- [Data for processing]
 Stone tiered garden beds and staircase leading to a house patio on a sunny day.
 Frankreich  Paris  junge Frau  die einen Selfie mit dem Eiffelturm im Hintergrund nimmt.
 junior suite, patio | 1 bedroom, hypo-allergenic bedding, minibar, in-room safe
--
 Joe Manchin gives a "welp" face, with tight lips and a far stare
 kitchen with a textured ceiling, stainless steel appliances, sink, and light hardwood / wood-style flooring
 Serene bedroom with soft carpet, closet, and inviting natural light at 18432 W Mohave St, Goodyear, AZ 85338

- [What you will do] Beginning with the line holding "Stone tiered garden" and ending with the line holding "junior suite, patio", write out the stretch of material above exactly; add no further lines.

- [Exercise response]
 Stone tiered garden beds and staircase leading to a house patio on a sunny day.
 Frankreich  Paris  junge Frau  die einen Selfie mit dem Eiffelturm im Hintergrund nimmt.
 junior suite, patio | 1 bedroom, hypo-allergenic bedding, minibar, in-room safe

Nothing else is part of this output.